It takes a certain kind of courage to short sell blue chips, such as the Dow Jones industrial average components. Short sellers are betting on these companies to fail, or at least for their share prices to fall handily. Plus, those sellers are responsible for paying the dividends on the stocks they short.
Maybe it is little surprise that only one of the 30 Dow stocks had sizable short interest between August 30 and September 13; that is, more than 50 million shares short. In fact, just six of them had short interest of more than 35 million shares.

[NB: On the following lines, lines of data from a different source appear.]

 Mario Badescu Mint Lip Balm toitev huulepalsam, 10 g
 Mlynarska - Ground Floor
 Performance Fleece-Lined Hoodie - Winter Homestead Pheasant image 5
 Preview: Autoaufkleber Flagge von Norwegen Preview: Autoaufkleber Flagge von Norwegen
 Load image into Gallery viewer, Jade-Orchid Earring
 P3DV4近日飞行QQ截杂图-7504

While the bull market is quite long in the tooth — now well more than 10 years old — and concern about a possible recession remains as the trade war with China shambles on, the markets are still not that far from all-time highs. Investors may wonder then what the short sellers expect from some of the biggest, most well-respected names on Wall Street.
As of the mid-September settlement date, the most recently reported period, short sellers still favored Pfizer Inc. (NYSE: PFE), Intel Corp. (NASDAQ: INTC) and Microsoft Corp. (NASDAQ: MSFT) above all other Dow stocks.
> Shares short: about 58.54 million
> Change from prior period: −0.6%
> Percentage of float: 1.1
Despite the marginal retreat, Pfizer remained king of the short interest hill in the latest settlement period, a position it has held in most periods since May. Note though that the latest figure is nowhere near the 156 million shares short seen back in January.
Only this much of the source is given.